The most aggressive variant of glioma, glioblastoma multiforme (GBM), afflicts approximately 20,000 newly diagnosed patients within the United States annually. Despite maximal surgical and adjuvant chemo- radiotherapeutic intervention, prognosis remains dismal, with median survival being 14.2 months. Clinical progression is invariably due to tumor recurrence within a 2cm margin of the original surgical resection cavity, with recurrent tumors being resistant to additional radiation. Among these radiation resistant recurrent tumor cells, the mesenchymal GBM subtype is predominant. Although primarily studied in the context of metastatic carcinomas, mounting evidence supports a role for cancer epithelial-mesenchymal transition (EMT) related processes in the progression and resistance of GBM to radiotherapy. The primary goal of this work is to provide an EMT-associated clinical target for improving radiation-induced cell death in recurrent glioblastoma cells, thereby increasing overall and progression free survival in this fatal disease that affects men and women globally. To this end, three inter-connected but independent aims are proposed.
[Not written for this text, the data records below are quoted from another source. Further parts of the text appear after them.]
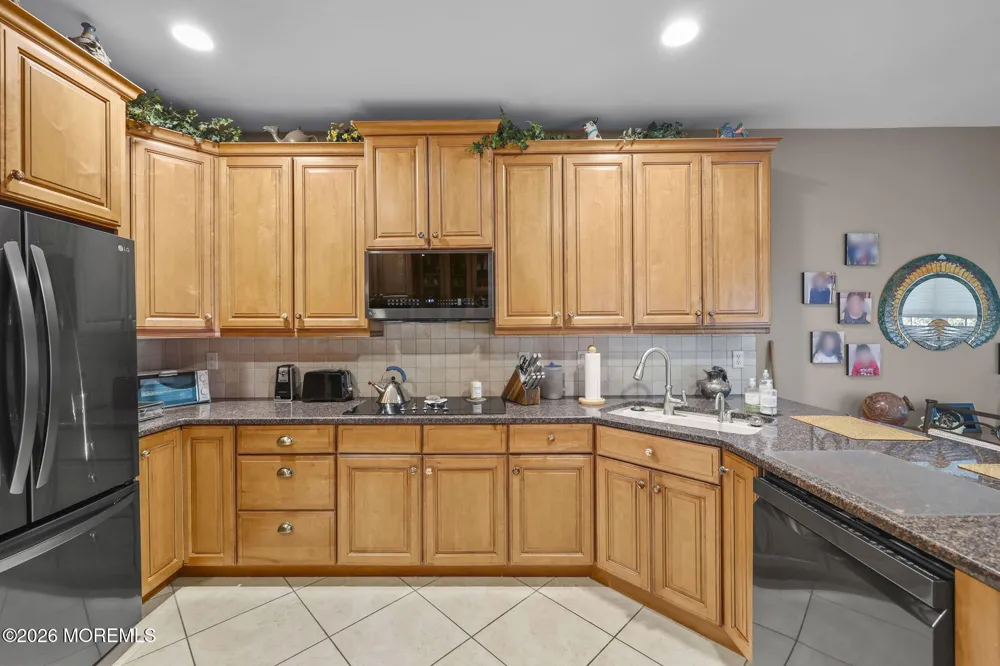 23 W Parsonage Way Manalapan, NJ 07726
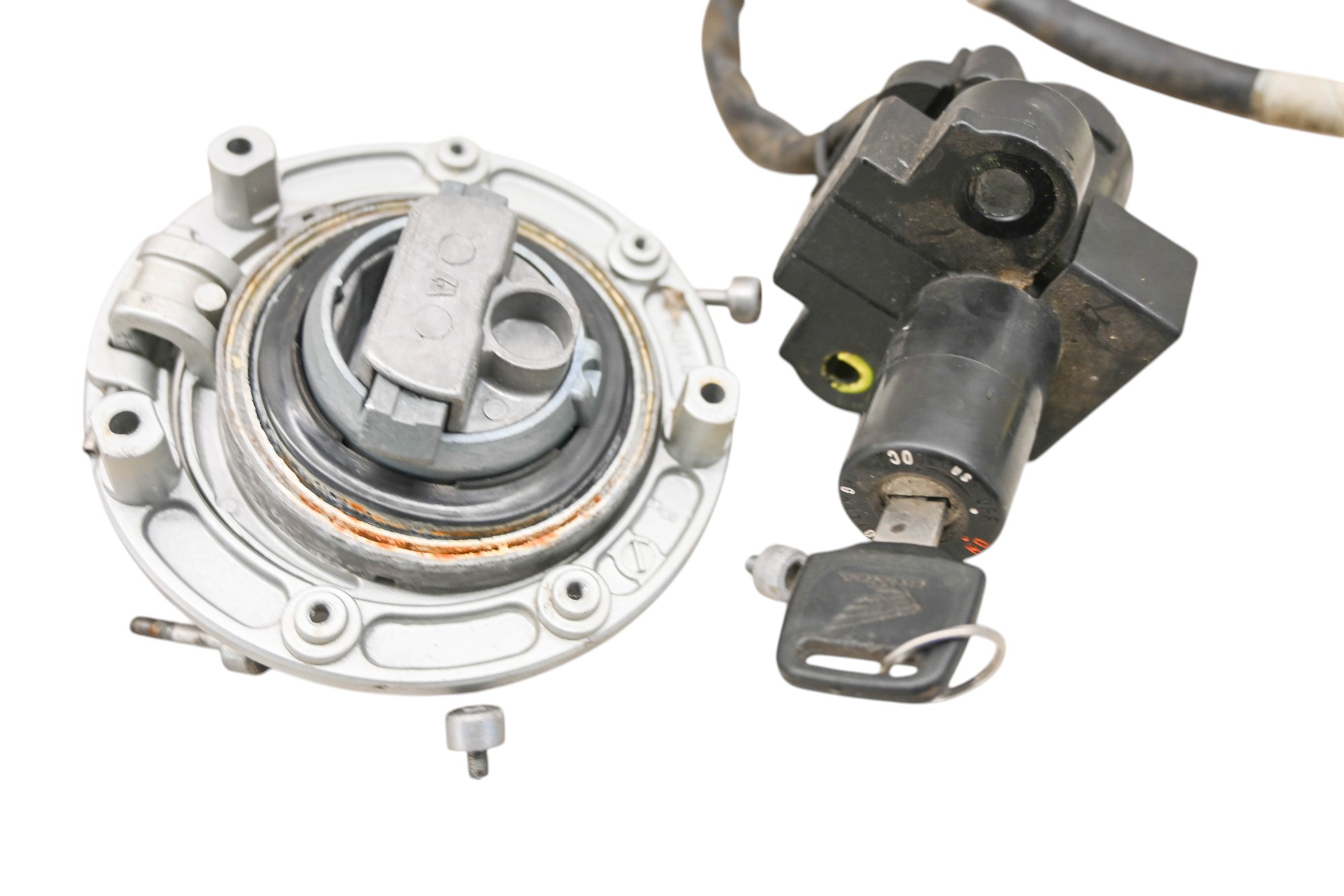 91 Honda Interceptor 750 Key Switch & Gas Cap VFR750F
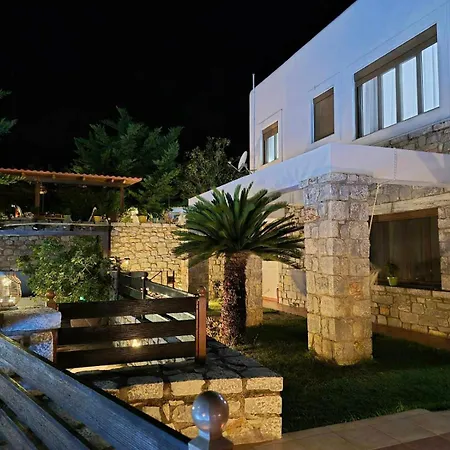 Malvazios With Sea Breeze *
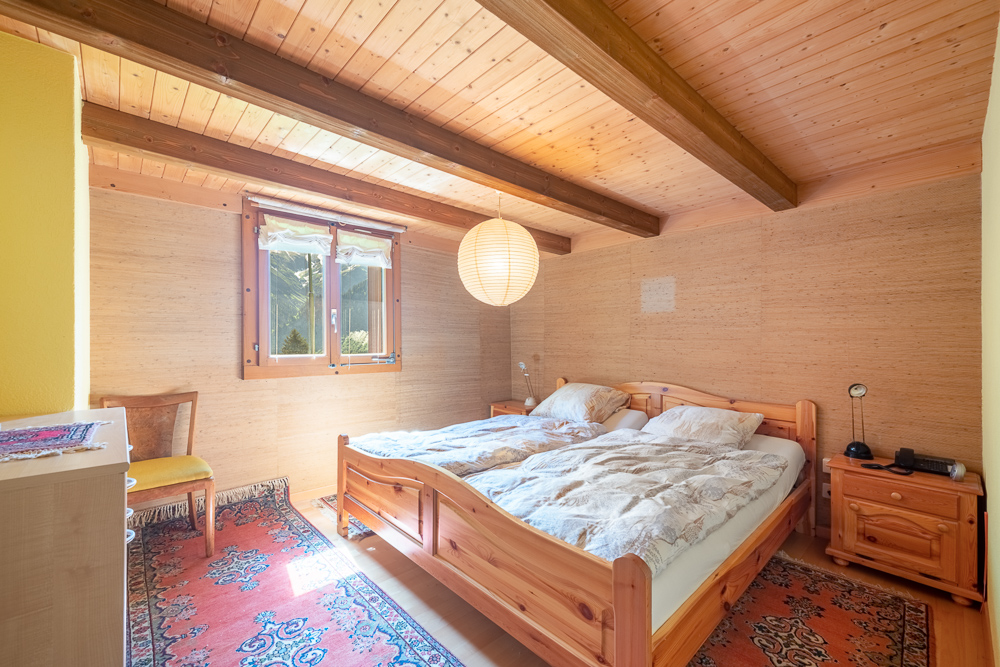 Gemütliches Schlafzimmer im Holzstil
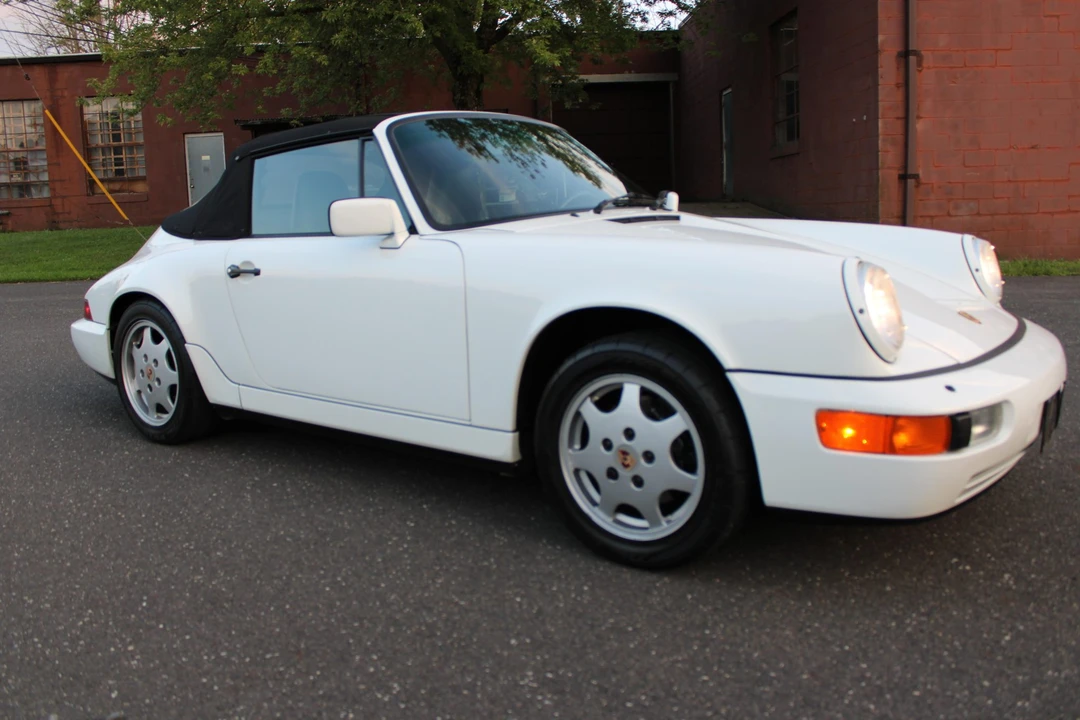 1990 Porsche 964 Carrera 4 - Image 15 of 31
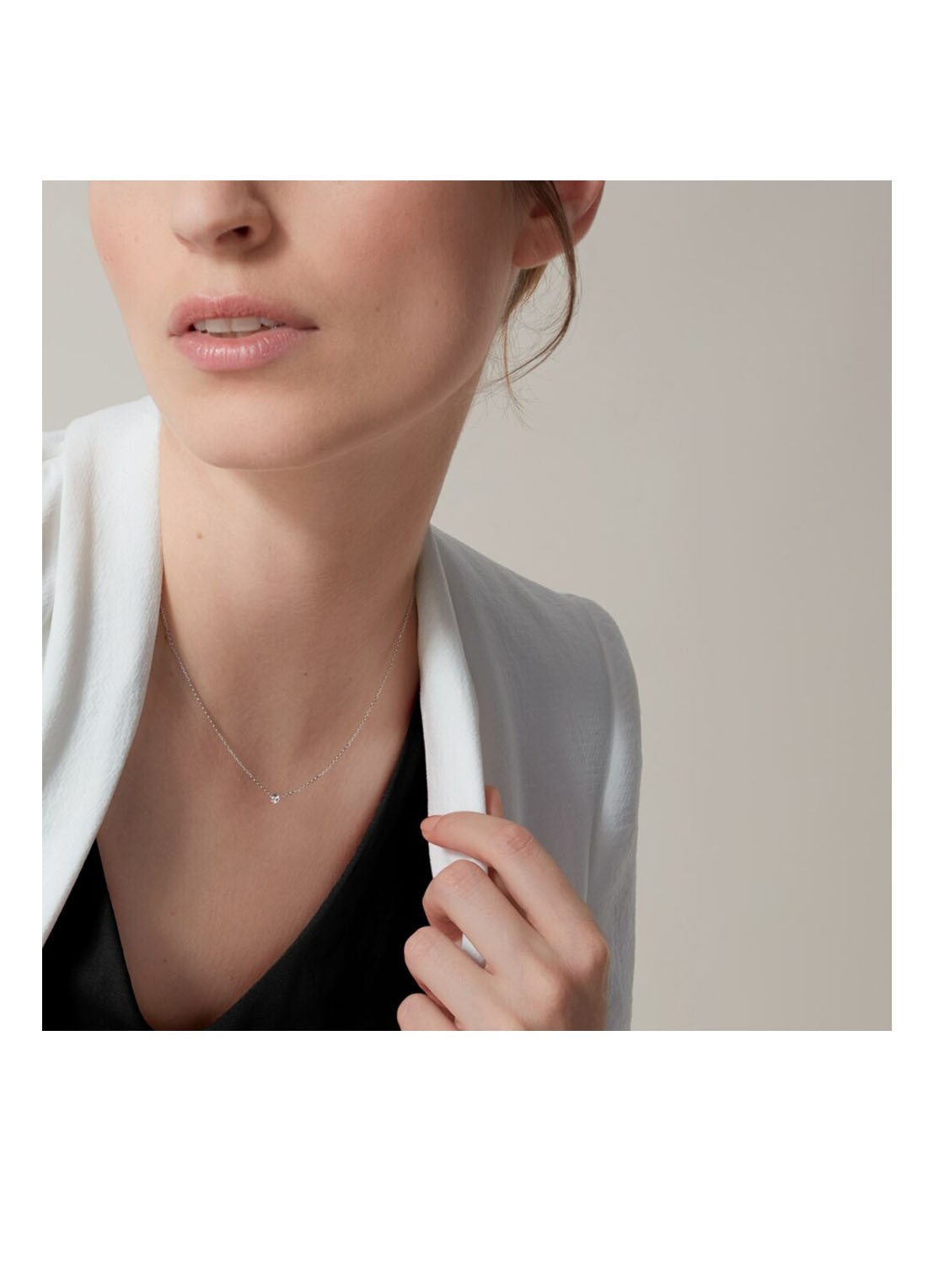 Cartier Diamants Légers XS ketting van 18k witgoud met diamant CRB7224515 - detail 2 witgoud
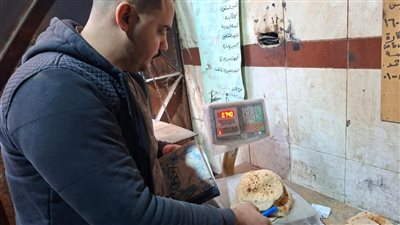 بعد شكاوى المواطنين.. حملة مفاجئة تضبط 8 مخالفات بمخابز سامول بالمحلة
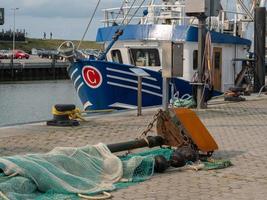 dornumersiel sulla costa tedesca del mare del nord foto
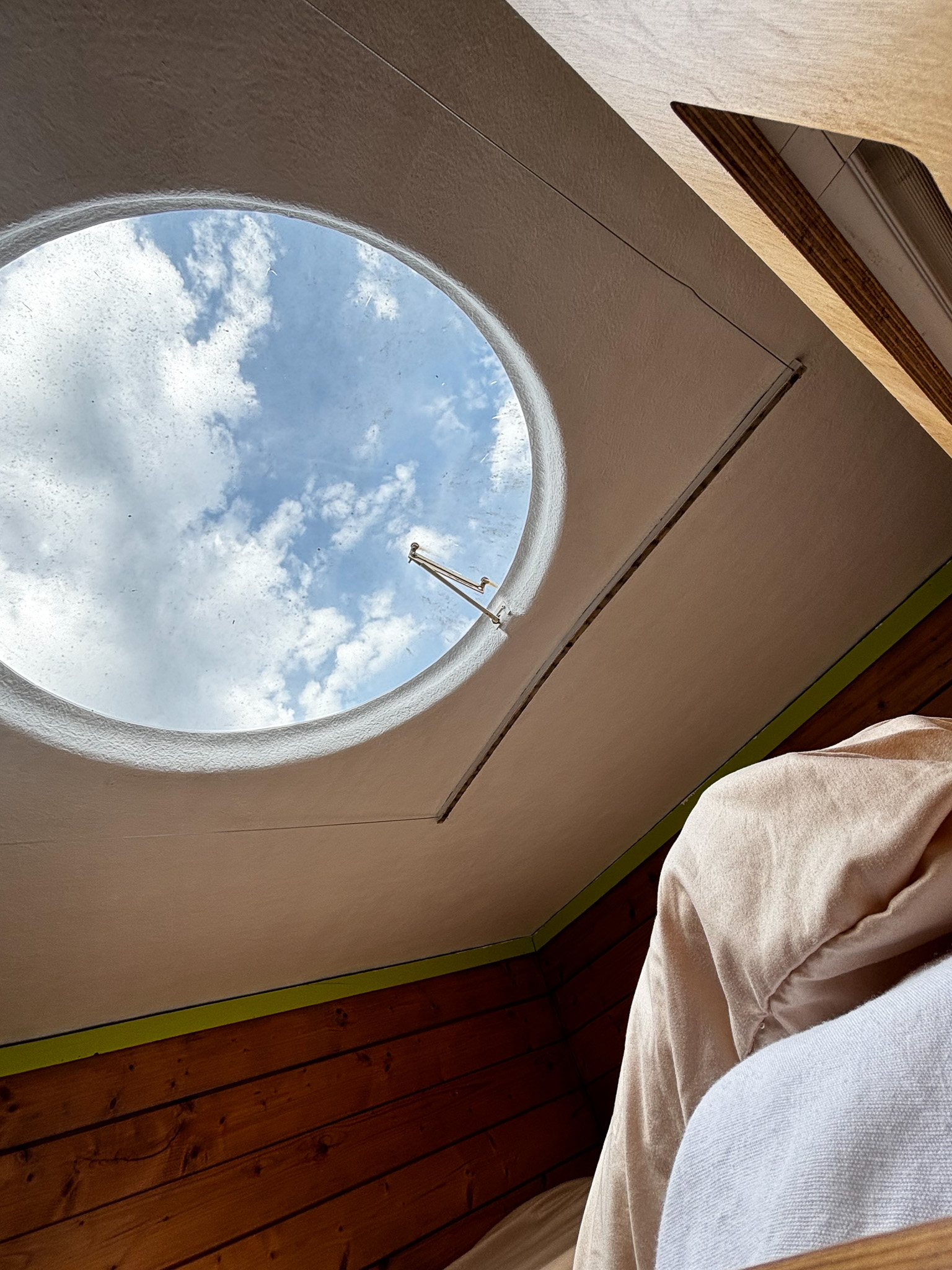 Carré d'étoiles Vénus : une cabane poétique au cœur de la nature à La Chapelle Blanche St Martin — cuisine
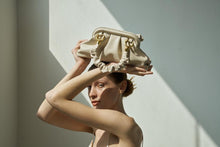 Load image into Gallery viewer, Cloud Top Handle Bag - Nutella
In Aim 1, the investigator will determine the effects of differential expression of cell-cell adhesion molecules and associated regulators of EMT on radiation induced cell death in patient-derived human glioblastoma cells.
The second aim will examine the impact of differential cadherin expression and EMT regulators on the generation of reactive oxygen species (ROS) by external beam radiation treatment (XRT) in GBM. In the final aim, the investigator will evaluate the efficacy of recombinant cadherin-ectodomains and microenvironment modulation on radiation- induced cell death in novel patient-derived human glioblastoma orthotopic xenograft model of recurrent disease.